New and effective treatment strategies with possibly novel mechanisms are therefore needed.

Many studies confirm the efficacy of fenfluramine in Dravet syndrome[78,79]. This drug was initially developed as an appetite suppressant, but withdrawn from the market due to serious adverse effects, including cardiac and pulmonary problems such as valvular heart disease and pulmonary hypertension[80,81]. Fenfluramine has the ability to act on the serotoninergic cascade[82], but unfortunately the specific mechanisms by which it carries out its anti-epileptic actions still need to be discovered. More recent works affirm that fenfluramine significantly reduced epileptiform discharges in SCN1A knock-out morphants[83,84].

Retigabine (or ezogabine) (third generation AED), most often used in adult patients, is a drug that primarily acts as a positive allosteric modulator of KCNQ2-5 ion channels (Kv7.2-7.5) and is the first drug used to treat epilepsy, which exploits its action on the potassium channels of neuronal cells[47]. In vitro studies show that the most potent action of this drug is on the KCNQ2/3 heteromeric channels, which has been closely related to numerous forms of epileptic disorders from benign familial seizures to a severe form of epileptic encephalopathy early onset[47]. Recent in vitro experiments have shown that retigabine opens Kv7 potassium channels and restores normal channel function in KCNQ2-related encephalopathy mutations[51].

Regarding the treatment of GRIN2A-related epileptic disorder, new strategies are based on the use of N-methyl-D-aspartate (NMDA) receptor antagonists[57]: memantine, an NMDA receptor antagonist approved by the Food and Drug Administration, has shown the ability to reduce the frequency and onset of seizures in some types of encephalopathies affecting children defined early-onset epileptic encephalopathy, associated with a de novo missense mutation in GRIN2A (p.Leu812Met). However, the same drug was not effective in another case-report in which the authors demonstrated a different mutation (p.Asn615Lys) in the same gene, but with a completely different effect on the function of the protein[85].

Quinidine, a well-known anti-arrhythmic drug, has been used to restore in vitro the hyperactivity of the KCNT1 mutant potassium channel in Xenopus oocytes[86]. A recent clinical case presented a child in whom oral administration of this drug led to an improvement in epilepsy and psychomotor skills which he suffered from because of focal epileptic seizures due to a lack of the protein product of KCNT1[87]. However, the same drug had no efficacy in another patient with KCNT1 mutation and with severe secondarily generalized focal seizures. Therefore, we must use a great deal of attention and experience, in using quinidine, in patients with such genetic dysfunction[88]. The serious side effects on the liver of patients using valproate and presenting a POLG gene mutation are well known[89].
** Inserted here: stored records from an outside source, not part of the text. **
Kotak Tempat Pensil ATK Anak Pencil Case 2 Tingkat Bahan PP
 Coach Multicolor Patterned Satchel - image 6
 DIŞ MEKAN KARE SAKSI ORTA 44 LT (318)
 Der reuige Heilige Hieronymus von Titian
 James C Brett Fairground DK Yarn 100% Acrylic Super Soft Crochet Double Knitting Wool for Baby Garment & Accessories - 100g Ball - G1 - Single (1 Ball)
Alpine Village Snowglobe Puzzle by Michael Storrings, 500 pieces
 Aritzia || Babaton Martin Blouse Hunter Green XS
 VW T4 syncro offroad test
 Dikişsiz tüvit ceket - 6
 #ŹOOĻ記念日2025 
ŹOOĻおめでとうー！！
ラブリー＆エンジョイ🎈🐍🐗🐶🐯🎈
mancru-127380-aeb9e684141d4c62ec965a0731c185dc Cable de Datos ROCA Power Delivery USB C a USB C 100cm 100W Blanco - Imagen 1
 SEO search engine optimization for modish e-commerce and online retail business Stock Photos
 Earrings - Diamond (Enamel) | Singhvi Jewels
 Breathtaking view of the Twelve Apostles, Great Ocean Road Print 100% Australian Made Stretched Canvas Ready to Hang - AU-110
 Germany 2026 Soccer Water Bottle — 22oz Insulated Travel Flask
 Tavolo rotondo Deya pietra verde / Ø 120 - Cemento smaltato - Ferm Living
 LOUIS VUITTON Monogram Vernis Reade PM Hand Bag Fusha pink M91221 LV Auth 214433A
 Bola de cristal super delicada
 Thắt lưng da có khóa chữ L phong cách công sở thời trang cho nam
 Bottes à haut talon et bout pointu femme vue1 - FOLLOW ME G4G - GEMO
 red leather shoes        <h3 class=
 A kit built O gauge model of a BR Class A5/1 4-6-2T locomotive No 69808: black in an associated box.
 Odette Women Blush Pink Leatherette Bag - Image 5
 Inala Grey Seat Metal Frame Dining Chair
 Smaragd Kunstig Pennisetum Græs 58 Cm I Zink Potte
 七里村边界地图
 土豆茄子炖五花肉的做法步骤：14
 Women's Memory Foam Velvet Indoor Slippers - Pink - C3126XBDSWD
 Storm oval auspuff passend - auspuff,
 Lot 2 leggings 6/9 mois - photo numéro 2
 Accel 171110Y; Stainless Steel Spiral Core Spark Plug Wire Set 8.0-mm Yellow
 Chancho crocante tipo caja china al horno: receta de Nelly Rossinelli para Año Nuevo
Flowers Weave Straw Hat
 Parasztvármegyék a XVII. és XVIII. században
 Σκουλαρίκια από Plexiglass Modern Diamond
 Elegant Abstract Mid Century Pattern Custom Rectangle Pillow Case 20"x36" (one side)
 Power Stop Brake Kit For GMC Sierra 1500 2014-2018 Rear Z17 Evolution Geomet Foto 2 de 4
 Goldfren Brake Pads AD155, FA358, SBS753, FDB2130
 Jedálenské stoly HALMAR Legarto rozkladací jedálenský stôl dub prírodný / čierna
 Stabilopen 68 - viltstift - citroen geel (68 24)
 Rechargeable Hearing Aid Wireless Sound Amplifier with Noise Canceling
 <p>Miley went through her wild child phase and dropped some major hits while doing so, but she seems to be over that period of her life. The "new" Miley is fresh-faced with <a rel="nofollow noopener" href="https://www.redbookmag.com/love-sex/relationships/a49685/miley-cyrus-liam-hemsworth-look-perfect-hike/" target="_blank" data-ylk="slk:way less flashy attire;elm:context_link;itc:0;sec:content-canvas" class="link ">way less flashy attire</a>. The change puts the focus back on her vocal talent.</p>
Some papers have shown a strong correlation between the genetic polymorphisms that affect microsomal epoxide hydrolase (EPHX1) gene and pharmacokinetics of carbamazepine in Chinese patients suffering from some forms of epilepsy and in Kosovan people of Albanian ethnicity with epilepsy[90].

A study demonstrated that in patients with SCN1A, ABCC2 and UGT2B7 genetic polymorphisms there is the possibility of making important changes to oxcarbazepine maintenance doses[91].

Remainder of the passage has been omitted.